If you belong to this group of people, or if you are simply looking at your screen right now wondering, “Vicky, how can you possibly still be Catholic?”, this letter is for you.

What happened to you is not. your. fault.

God has not forgotten you.

God does not hate you.

God wants you here.

God willed you into existence. 

God is an all-perfect, all-loving God, no matter what anyone who claims to represent Him does.

God looks at you with nothing but unconditional love, love that would never manipulate you, hurt you, or look to take something away from you.

If someone who claims to be Christian or Catholic has hurt you in any way, God weeps with you. Jesus said, “See that you do not despise one of these little ones, for I say to you that their angels in heaven always look upon the face of my heavenly Father.” (Mt. 18:10)

If you’ve been wondering whether the Catholic Church even cares about you, here’s your answer: I care. God cares. Jesus cares. Mother Mary cares.

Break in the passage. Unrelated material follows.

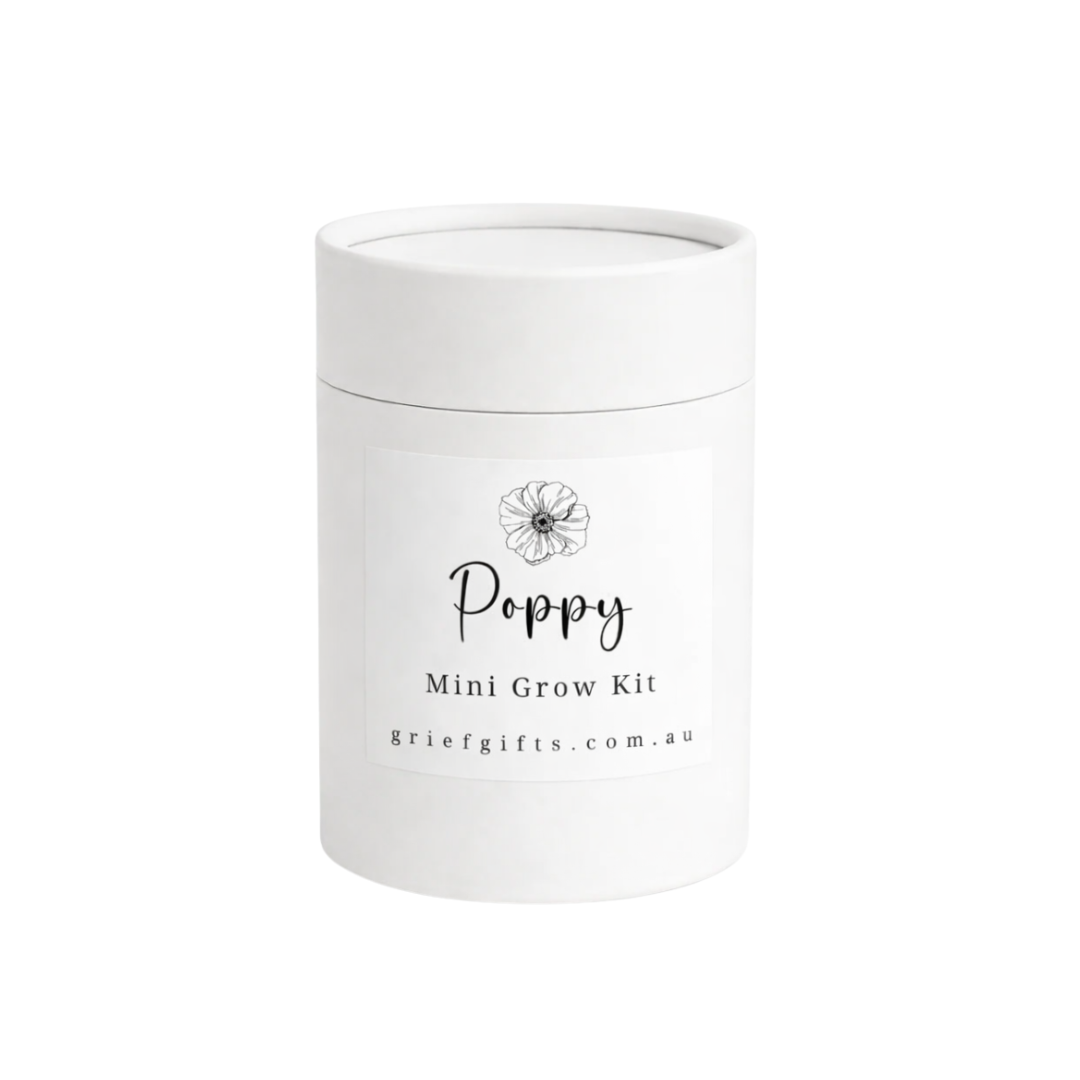 Poppy Mini Grow Kit - White | Grief Gifts Australia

I see you if you are a survivor of sexual abuse, clerical or otherwise, and the news cycle for the past few weeks has been very triggering to you.

I see you if you are justifiably angry and hurt and are considering leaving or have already left the Catholic Church.

I see you if you are a member of the LGBTQ+ community and someone from the Church has rejected you or abused you.

I see you. I weep with you. I stand with you. I love you.

God sees you. God stands with you. God loves you.

Now, a side note to my fellow Catholics: On the day the grand jury’s report was released, I happened to discover Malcolm Gladwell’s excellent podcast Revisionist HistoryToward the end of Season 1, Ep. 9, Gladwell says, “You must respect the body you are trying to heal.”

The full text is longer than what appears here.